Carol Kaye

Many of you probably know about Carol Kaye by now. If you didn’t know her name before, you’ve certainly heard her music. Some called her “first lady of the bass.” She was the first call bassist for “record companies, movie & TV film people, commercials, and industrial films” in the 1960s as part of an extremely talented group of LA studio musicians know at the time as “the clique.” [1] It’s estimated that she played on around 10,000 recordings during her 50-year career. She played guitar, as well as wrote and recorded bass lines for some of the top hits of the last 60 years and worked with the likes of Joe Pass, Sam Cooke, Brian Wilson, Phil Spector, Quincy Jones, Ray Charles, Joe Cocker, Barbara Streisand, Glenn Campbell, Lou Rawls, Frank and Nancy Sinatra, and many, many others. [2]

Before she got into studio work, though, Carol Kaye was a rising star as a guitarist in the be-bob jazz community. Raised by musical parents, she started gigging as a guitarist at age 14. She got into studio work by accident, doing a session with Sam Cooke in 1957 and only added bass to her repertoire after the bassist didn’t show up for a session was she asked to step in. Bass became her primary instrument at that point because she enjoyed the intricacy of the moving lines she could create in the studio as a bassist more than the strumming rhythmic role of the guitarist in those early rock ’n’ roll recordings. She was often given a blank chart and just told to fill in the bass part in her own way. The producers and musicians trusted her fully to improvise a part that would make them hit song after hit song. She says often times, she and the rhythm section would play a track first, and then the arrangers would use the riffs and parts they improvised to create the rest of the arrangement. So, in addition to being a studio musician, Carol’s creative contribution to pop, rock, soul, and R&B music of the 20th century was massive. [3]

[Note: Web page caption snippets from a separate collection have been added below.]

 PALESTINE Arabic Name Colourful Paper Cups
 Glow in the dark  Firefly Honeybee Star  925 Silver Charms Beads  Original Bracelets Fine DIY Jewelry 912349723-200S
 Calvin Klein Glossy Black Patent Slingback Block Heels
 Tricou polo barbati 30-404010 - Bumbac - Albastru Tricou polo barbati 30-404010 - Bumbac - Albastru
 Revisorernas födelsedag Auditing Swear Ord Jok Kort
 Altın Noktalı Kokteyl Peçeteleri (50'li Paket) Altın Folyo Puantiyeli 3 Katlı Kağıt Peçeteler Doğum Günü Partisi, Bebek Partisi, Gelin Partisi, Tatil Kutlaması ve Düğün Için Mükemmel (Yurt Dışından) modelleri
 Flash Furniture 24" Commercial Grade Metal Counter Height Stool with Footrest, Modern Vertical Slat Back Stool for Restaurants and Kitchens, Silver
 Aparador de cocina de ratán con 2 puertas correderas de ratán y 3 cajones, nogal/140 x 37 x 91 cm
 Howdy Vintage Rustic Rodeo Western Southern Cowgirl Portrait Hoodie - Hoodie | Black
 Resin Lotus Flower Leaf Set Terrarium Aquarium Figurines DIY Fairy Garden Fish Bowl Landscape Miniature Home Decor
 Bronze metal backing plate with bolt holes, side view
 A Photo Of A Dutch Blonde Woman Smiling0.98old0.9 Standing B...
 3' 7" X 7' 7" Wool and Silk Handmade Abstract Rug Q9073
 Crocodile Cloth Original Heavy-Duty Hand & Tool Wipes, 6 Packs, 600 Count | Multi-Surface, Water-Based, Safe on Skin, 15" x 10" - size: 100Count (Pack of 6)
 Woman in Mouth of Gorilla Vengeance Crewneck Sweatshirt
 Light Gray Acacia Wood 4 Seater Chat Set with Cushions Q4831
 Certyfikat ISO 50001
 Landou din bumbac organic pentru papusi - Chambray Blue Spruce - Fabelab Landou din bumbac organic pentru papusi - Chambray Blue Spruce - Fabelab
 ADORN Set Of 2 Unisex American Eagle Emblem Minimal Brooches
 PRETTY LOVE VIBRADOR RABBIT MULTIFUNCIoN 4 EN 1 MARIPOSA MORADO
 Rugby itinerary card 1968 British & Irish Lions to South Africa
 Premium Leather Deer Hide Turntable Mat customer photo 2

Even though most of Carol’s recordings are outside of the jazz genre, she is a jazzwoman through and through. I believe it is her jazz background and advanced understanding of harmony that allowed her to effortlessly invent such creative lines. She says “it was easy, it was fun.” But that was her genius. Here’s a playlist of some of my favorites, but its just a fraction of her work. And here’s just one example of her funky, funky bass playing:

In the late 60s, she started focusing more on teaching and began writing bass and guitar method books which are widely in use today as well as instructional videos. She currently offers Skype lessons via her website. She’s 83, but you’d never know it. Additionally, she’s given many excellent interviews in which she’s incredibly generous with her wealth of knowledge and experience, not to mention her fiery spirit. I’ve transcribed some of my favorite excerpts from her interviews below (these interviews can be found in the playlist above) as well as a wonderful note which she includes on her website.

Also, Here’s an article in which she lists her top 10 recording sessions of all time and tells a little story about each one. I’ve included each of these tunes in the playlist above.

A note from Carol… (from her website)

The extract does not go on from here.